This article was originally published by Radio Free Europe/Radio Liberty and is reprinted with permission.
Russian forces have launched fresh strikes on targets in Kyiv and the city of Zaporizhzhya, the military and officials said on October 27, as Ukrainian forces repelled attacks near two towns in the eastern region of the Donbas and the Moscow-installed administration left Kherson.
A Russian drone attack early on October 27 hit an energy facility in the capital, causing a fire, said Oleksiy Kuleba, governor of the Kyiv region. The latest attacks inflicted “very serious damage,” he said.
“The Russians are using drones and missiles to destroy Ukraine’s energy system ahead of the winter and terrorize civilians,” Kuleba said in televised remarks.

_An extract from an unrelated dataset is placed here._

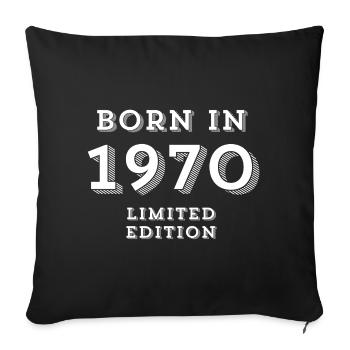 1970, année de naissance, vintage - Housse de coussin décorative 45 x 45 cm - noir - Devant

Ukrainian officials said the attacks on Ukraine’s electrical infrastructure have made it difficult to set an accurate schedule for outages, and the damaged caused by the latest strikes could mean Kyiv and four regions may have to cut electricity supplies for longer than planned.
In Zaporizhzhya, the Russians used Smerch rockets to strike the city overnight, the head of the regional military administration, Oleksandr Starukh, wrote on Telegram.

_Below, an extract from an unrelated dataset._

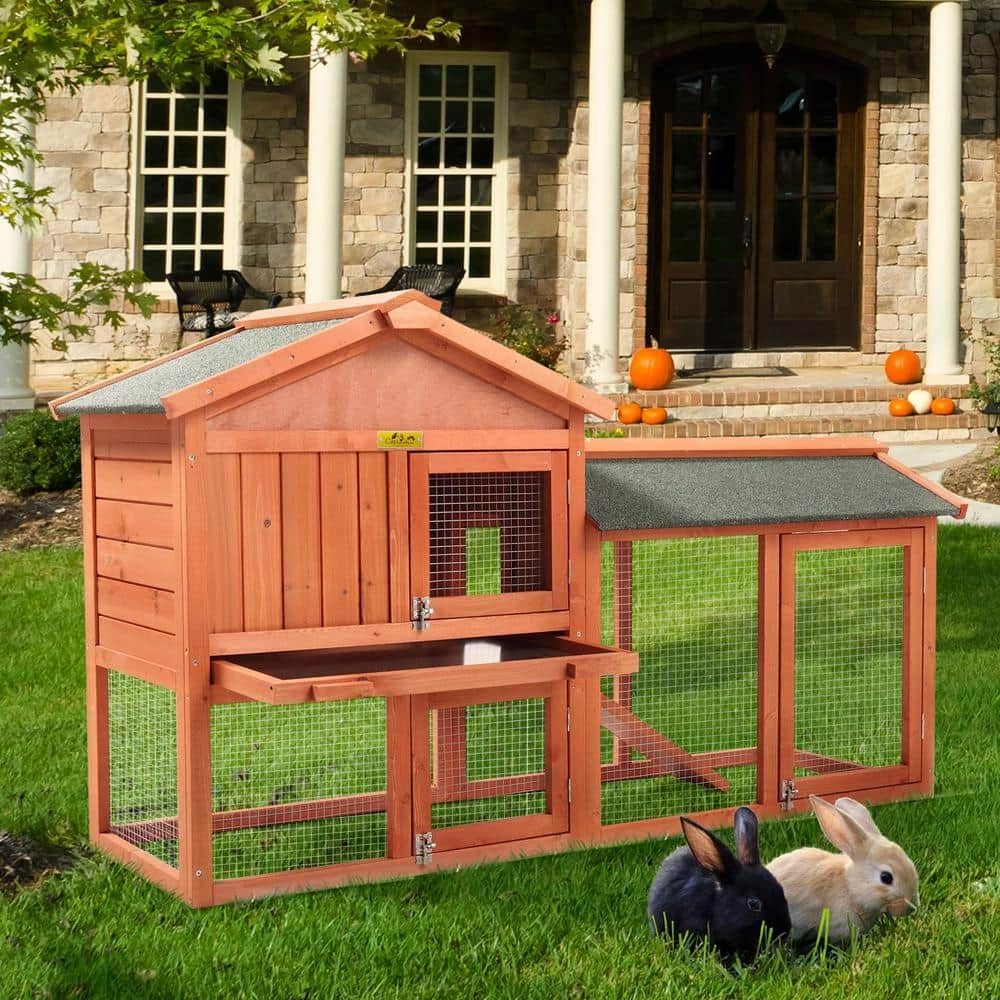2-Tier Wooden Rabbit Hutch Outdoor Bunny Cage with Run Waterproof Roof by COZIWOW 2 2-Tier Wooden Rabbit Hutch Outdoor Bunny Cage with Run Waterproof Roof by COZIWOW - Image 2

“At night, the enemy attacked the outskirts of the regional center. According to preliminary information, these were three projectiles of the Smerch multiple-launch rocket systems. There are no casualties,” he wrote.
Starukh said infrastructure was destroyed and a fire broke out but it was extinguished by emergency services.
Part of the southeastern Ukrainian region of Zaporizhzhya is under Russian occupation, but the homonymous regional capital remains in Ukrainian hands.
Zaporizhzhya is one of four regions partially occupied by Russia that Moscow claims to have annexed last month following illegal referendums rejected by Ukraine and its Western allies as sham votes.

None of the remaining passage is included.